** Your goal **
Please set down the whole listing again, precisely.

>>

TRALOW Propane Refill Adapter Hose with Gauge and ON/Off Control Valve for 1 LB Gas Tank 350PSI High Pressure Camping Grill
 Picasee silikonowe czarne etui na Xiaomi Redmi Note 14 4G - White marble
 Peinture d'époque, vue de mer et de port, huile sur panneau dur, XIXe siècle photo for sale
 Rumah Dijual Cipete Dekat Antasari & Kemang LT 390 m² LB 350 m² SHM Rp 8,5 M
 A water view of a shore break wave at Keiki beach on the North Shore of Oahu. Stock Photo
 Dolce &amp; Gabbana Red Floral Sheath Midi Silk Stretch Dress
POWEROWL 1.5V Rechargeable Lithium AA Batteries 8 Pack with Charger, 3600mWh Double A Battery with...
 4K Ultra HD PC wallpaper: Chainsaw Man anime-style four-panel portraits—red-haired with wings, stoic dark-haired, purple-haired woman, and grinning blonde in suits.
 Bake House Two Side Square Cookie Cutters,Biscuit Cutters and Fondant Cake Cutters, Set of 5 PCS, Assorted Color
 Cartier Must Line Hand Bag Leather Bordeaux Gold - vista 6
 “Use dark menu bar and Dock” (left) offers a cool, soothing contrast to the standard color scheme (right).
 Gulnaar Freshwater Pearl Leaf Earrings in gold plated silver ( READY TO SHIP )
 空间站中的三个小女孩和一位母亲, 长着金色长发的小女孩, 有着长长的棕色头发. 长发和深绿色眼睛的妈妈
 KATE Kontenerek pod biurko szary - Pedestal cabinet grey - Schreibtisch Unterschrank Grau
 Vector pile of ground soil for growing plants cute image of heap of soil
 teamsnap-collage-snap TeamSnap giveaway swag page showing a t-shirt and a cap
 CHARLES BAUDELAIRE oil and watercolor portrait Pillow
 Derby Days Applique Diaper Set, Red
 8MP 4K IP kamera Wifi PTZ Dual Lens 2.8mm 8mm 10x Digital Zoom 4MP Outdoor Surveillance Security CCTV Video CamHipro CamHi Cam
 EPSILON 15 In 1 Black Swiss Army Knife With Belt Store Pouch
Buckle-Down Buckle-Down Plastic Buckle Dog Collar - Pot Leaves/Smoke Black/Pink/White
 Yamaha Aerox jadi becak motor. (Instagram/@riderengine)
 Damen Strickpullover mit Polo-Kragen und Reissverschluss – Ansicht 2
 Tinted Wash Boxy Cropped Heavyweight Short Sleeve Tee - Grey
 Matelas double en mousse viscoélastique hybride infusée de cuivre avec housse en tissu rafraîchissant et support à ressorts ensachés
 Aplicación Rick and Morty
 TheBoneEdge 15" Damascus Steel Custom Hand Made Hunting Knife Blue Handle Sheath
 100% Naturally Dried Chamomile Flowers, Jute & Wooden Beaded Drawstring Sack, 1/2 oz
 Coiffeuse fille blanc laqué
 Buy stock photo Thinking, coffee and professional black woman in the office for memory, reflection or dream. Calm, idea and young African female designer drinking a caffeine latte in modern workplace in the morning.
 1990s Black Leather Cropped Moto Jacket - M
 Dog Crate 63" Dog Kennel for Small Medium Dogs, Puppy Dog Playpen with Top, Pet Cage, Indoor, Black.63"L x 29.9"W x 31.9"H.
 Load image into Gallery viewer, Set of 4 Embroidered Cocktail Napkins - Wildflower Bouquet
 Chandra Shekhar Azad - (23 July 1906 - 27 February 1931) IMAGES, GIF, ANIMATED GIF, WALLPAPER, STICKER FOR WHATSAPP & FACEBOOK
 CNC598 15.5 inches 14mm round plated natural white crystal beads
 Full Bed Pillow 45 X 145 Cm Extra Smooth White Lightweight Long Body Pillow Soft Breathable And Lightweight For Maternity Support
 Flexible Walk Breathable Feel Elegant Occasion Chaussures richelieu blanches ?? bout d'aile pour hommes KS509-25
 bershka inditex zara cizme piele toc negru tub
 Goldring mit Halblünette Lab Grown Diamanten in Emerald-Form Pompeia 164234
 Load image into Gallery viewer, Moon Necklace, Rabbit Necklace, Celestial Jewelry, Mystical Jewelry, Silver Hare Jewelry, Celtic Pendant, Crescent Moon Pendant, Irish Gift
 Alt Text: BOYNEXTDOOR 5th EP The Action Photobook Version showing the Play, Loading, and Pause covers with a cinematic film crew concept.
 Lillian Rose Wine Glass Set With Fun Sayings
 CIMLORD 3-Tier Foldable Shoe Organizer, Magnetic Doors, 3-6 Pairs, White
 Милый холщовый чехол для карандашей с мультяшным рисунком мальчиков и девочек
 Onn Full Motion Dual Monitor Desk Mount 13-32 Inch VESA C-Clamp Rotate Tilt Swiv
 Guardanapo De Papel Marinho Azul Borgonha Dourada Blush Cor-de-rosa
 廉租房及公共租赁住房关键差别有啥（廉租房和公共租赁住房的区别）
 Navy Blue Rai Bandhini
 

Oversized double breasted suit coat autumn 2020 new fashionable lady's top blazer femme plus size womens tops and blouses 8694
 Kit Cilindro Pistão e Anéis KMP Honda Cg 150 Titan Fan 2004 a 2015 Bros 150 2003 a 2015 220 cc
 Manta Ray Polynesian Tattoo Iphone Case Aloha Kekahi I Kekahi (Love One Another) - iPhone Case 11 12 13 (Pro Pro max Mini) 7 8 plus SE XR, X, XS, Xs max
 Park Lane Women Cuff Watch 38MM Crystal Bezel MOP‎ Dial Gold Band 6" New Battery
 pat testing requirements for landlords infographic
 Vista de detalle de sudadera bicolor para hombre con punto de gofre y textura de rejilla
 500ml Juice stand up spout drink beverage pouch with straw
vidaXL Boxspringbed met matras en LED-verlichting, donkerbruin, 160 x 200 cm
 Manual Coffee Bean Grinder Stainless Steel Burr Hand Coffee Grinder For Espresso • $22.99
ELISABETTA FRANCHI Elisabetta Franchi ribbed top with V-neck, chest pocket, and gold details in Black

<<

** Reply to the exercise **
TRALOW Propane Refill Adapter Hose with Gauge and ON/Off Control Valve for 1 LB Gas Tank 350PSI High Pressure Camping Grill
 Picasee silikonowe czarne etui na Xiaomi Redmi Note 14 4G - White marble
 Peinture d'époque, vue de mer et de port, huile sur panneau dur, XIXe siècle photo for sale
 Rumah Dijual Cipete Dekat Antasari & Kemang LT 390 m² LB 350 m² SHM Rp 8,5 M
 A water view of a shore break wave at Keiki beach on the North Shore of Oahu. Stock Photo
 Dolce &amp; Gabbana Red Floral Sheath Midi Silk Stretch Dress
POWEROWL 1.5V Rechargeable Lithium AA Batteries 8 Pack with Charger, 3600mWh Double A Battery with...
 4K Ultra HD PC wallpaper: Chainsaw Man anime-style four-panel portraits—red-haired with wings, stoic dark-haired, purple-haired woman, and grinning blonde in suits.
 Bake House Two Side Square Cookie Cutters,Biscuit Cutters and Fondant Cake Cutters, Set of 5 PCS, Assorted Color
 Cartier Must Line Hand Bag Leather Bordeaux Gold - vista 6
 “Use dark menu bar and Dock” (left) offers a cool, soothing contrast to the standard color scheme (right).
 Gulnaar Freshwater Pearl Leaf Earrings in gold plated silver ( READY TO SHIP )
 空间站中的三个小女孩和一位母亲, 长着金色长发的小女孩, 有着长长的棕色头发. 长发和深绿色眼睛的妈妈
 KATE Kontenerek pod biurko szary - Pedestal cabinet grey - Schreibtisch Unterschrank Grau
 Vector pile of ground soil for growing plants cute image of heap of soil
 teamsnap-collage-snap TeamSnap giveaway swag page showing a t-shirt and a cap
 CHARLES BAUDELAIRE oil and watercolor portrait Pillow
 Derby Days Applique Diaper Set, Red
 8MP 4K IP kamera Wifi PTZ Dual Lens 2.8mm 8mm 10x Digital Zoom 4MP Outdoor Surveillance Security CCTV Video CamHipro CamHi Cam
 EPSILON 15 In 1 Black Swiss Army Knife With Belt Store Pouch
Buckle-Down Buckle-Down Plastic Buckle Dog Collar - Pot Leaves/Smoke Black/Pink/White
 Yamaha Aerox jadi becak motor. (Instagram/@riderengine)
 Damen Strickpullover mit Polo-Kragen und Reissverschluss – Ansicht 2
 Tinted Wash Boxy Cropped Heavyweight Short Sleeve Tee - Grey
 Matelas double en mousse viscoélastique hybride infusée de cuivre avec housse en tissu rafraîchissant et support à ressorts ensachés
 Aplicación Rick and Morty
 TheBoneEdge 15" Damascus Steel Custom Hand Made Hunting Knife Blue Handle Sheath
 100% Naturally Dried Chamomile Flowers, Jute & Wooden Beaded Drawstring Sack, 1/2 oz
 Coiffeuse fille blanc laqué
 Buy stock photo Thinking, coffee and professional black woman in the office for memory, reflection or dream. Calm, idea and young African female designer drinking a caffeine latte in modern workplace in the morning.
 1990s Black Leather Cropped Moto Jacket - M
 Dog Crate 63" Dog Kennel for Small Medium Dogs, Puppy Dog Playpen with Top, Pet Cage, Indoor, Black.63"L x 29.9"W x 31.9"H.
 Load image into Gallery viewer, Set of 4 Embroidered Cocktail Napkins - Wildflower Bouquet
 Chandra Shekhar Azad - (23 July 1906 - 27 February 1931) IMAGES, GIF, ANIMATED GIF, WALLPAPER, STICKER FOR WHATSAPP & FACEBOOK
 CNC598 15.5 inches 14mm round plated natural white crystal beads
 Full Bed Pillow 45 X 145 Cm Extra Smooth White Lightweight Long Body Pillow Soft Breathable And Lightweight For Maternity Support
 Flexible Walk Breathable Feel Elegant Occasion Chaussures richelieu blanches ?? bout d'aile pour hommes KS509-25
 bershka inditex zara cizme piele toc negru tub
 Goldring mit Halblünette Lab Grown Diamanten in Emerald-Form Pompeia 164234
 Load image into Gallery viewer, Moon Necklace, Rabbit Necklace, Celestial Jewelry, Mystical Jewelry, Silver Hare Jewelry, Celtic Pendant, Crescent Moon Pendant, Irish Gift
 Alt Text: BOYNEXTDOOR 5th EP The Action Photobook Version showing the Play, Loading, and Pause covers with a cinematic film crew concept.
 Lillian Rose Wine Glass Set With Fun Sayings
 CIMLORD 3-Tier Foldable Shoe Organizer, Magnetic Doors, 3-6 Pairs, White
 Милый холщовый чехол для карандашей с мультяшным рисунком мальчиков и девочек
 Onn Full Motion Dual Monitor Desk Mount 13-32 Inch VESA C-Clamp Rotate Tilt Swiv
 Guardanapo De Papel Marinho Azul Borgonha Dourada Blush Cor-de-rosa
 廉租房及公共租赁住房关键差别有啥（廉租房和公共租赁住房的区别）
 Navy Blue Rai Bandhini
 

Oversized double breasted suit coat autumn 2020 new fashionable lady's top blazer femme plus size womens tops and blouses 8694
 Kit Cilindro Pistão e Anéis KMP Honda Cg 150 Titan Fan 2004 a 2015 Bros 150 2003 a 2015 220 cc
 Manta Ray Polynesian Tattoo Iphone Case Aloha Kekahi I Kekahi (Love One Another) - iPhone Case 11 12 13 (Pro Pro max Mini) 7 8 plus SE XR, X, XS, Xs max
 Park Lane Women Cuff Watch 38MM Crystal Bezel MOP‎ Dial Gold Band 6" New Battery
 pat testing requirements for landlords infographic
 Vista de detalle de sudadera bicolor para hombre con punto de gofre y textura de rejilla
 500ml Juice stand up spout drink beverage pouch with straw
vidaXL Boxspringbed met matras en LED-verlichting, donkerbruin, 160 x 200 cm
 Manual Coffee Bean Grinder Stainless Steel Burr Hand Coffee Grinder For Espresso • $22.99
ELISABETTA FRANCHI Elisabetta Franchi ribbed top with V-neck, chest pocket, and gold details in Black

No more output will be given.